A DELEGADA, O TENENTE, A “LEI SECA” E A SOCIEDADE BRASILEIRA

A chamada “Lei Seca” oferece rico material de análise aos estudiosos da sociedade brasileira. Multiplicam-se os casos em que celebridades, autoridades e pessoas poderosas não se conformam em ser tratadas como os demais motoristas. Talvez se imaginem isentas, por uma condição que consideram “especial” (num país em que ainda existe a brasileiríssima “prisão especial” até para bandidos), dos procedimentos a que estão sujeitos os demais cidadãos. Já houve até casos de autoridades inconformadas com a abordagem que deram voz de prisão ao policial em serviço (lembro-me de pelo menos dois juízes e um desembargador que assim fizeram).

Esta semana, a mídia nos dá conta de um entrevero entre uma delegada de polícia e um tenente da PM numa dessas operações. A delegada acusa o tenente de abuso de autoridade (este a teria inclusive algemado); e o tenente a acusa de tê-lo desacatado, recusando-se a fazer o teste do bafômetro e a entregar-lhe os documentos, além de tê-lo arranhado no pescoço.

Cada um com a sua razão, não sendo este o ponto de quem busca entender por que colegas policiais (pelo menos em teoria) chegam ao ponto em que chegaram. Mas não custa lembrar fatos recentes acontecidos no Rio de Janeiro: primeiro, a disputa pelo “poder” de registrar ocorrências policiais entre as duas polícias, fato já comentado em postagem anterior; segundo, o episódio das duas polêmicas e espetaculosas prisões do coronel Beltrami, pedidas e executadas por um delegado, com direito a convocação da imprensa e sua entrevista na TV, prisões estas anuladas por dois desembargadores pelo fato de o pedido das prisões ter-se valido apenas de escutas telefônicas inconclusivas; terceiro, a retomada da velha picuinha entre delegados e oficiais da PM em torno do conceito de “autoridade policial”. Para os delegados, só eles são autoridades policiais; os PMs, de soldado a coronel, seriam seus meros agentes. Para os oficiais da PM, na preservação da ordem pública, em grandes eventos e em atividades de choque, trata-se também de “autoridade policial”, mas de natureza administrativa, de sua inteira responsabilidade. Ter-se-ia, então, de um lado, “autoridades policiais judiciárias”, e de outro, “autoridades policiais administrativas”. A esse respeito, remeto o leitor a postagem sobre a dicotomia: http://www.jorgedasilva.blog.br/?p=2390 .
Voltando ao caso da delegada e do tenente. Quem sabe ela não aprendeu na Academia da Polícia Civil que só os delegados são autoridades policiais? Tal implicaria a conclusão de que o tenente seria seu subordinado, com o dever de prestar-lhe obediência e continência.

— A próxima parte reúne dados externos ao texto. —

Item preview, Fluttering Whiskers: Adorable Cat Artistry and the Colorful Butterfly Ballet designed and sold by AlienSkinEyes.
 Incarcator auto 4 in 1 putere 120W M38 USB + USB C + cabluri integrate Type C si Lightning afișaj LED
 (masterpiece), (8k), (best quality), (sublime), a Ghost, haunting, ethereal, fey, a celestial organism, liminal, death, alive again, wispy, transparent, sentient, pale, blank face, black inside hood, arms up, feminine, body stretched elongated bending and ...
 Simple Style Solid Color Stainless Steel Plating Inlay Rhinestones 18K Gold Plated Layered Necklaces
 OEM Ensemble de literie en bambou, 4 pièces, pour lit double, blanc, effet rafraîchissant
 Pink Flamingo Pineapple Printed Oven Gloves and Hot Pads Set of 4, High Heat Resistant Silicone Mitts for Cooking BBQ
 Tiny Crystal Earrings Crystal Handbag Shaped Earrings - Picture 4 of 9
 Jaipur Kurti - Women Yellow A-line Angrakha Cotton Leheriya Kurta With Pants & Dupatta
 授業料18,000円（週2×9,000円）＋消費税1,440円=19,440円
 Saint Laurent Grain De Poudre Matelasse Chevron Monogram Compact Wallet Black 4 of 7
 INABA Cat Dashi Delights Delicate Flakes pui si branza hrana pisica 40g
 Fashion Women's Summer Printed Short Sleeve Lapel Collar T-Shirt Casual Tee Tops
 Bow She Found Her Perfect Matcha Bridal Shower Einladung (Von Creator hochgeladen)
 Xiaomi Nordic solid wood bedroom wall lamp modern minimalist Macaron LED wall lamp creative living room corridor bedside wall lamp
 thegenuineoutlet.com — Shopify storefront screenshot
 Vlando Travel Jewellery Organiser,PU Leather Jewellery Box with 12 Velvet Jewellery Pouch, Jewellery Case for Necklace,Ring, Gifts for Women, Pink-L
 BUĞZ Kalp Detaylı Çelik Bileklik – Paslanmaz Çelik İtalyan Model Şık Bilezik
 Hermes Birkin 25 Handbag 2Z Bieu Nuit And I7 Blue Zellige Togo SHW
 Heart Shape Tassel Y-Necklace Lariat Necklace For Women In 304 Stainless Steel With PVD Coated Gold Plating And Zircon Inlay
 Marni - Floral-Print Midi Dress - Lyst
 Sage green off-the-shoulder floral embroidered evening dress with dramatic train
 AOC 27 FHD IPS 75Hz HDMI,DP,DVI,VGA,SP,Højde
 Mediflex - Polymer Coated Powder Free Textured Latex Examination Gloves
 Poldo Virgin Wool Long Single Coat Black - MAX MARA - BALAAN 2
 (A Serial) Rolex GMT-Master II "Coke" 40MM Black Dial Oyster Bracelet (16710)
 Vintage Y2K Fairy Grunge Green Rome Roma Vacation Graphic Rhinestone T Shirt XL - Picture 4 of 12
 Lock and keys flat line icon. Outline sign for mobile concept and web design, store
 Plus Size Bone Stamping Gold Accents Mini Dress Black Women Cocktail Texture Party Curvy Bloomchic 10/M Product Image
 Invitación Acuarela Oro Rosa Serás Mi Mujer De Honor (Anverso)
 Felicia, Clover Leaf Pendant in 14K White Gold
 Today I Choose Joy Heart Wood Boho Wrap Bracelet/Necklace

Se ainda ensinam isso nas academias da Polícia Civil (e o contrário na PM), o comportamento dos dois está explicado.

Em suma: numa sociedade socialmente hierárquica como a brasileira, em que o juiz acha que é mais do que o promotor; em que o juiz e o promotor acham que são mais do que o delegado; e em que o delegado acha que é mais do que o PM, os atritos entre as pessoas são a ponta do iceberg. Mais que procurar saber quem está com a razão, se a delegada ou o tenente, se estas ou aquelas pessoas, vislumbra-se a possibilidade de estudar a base do iceberg.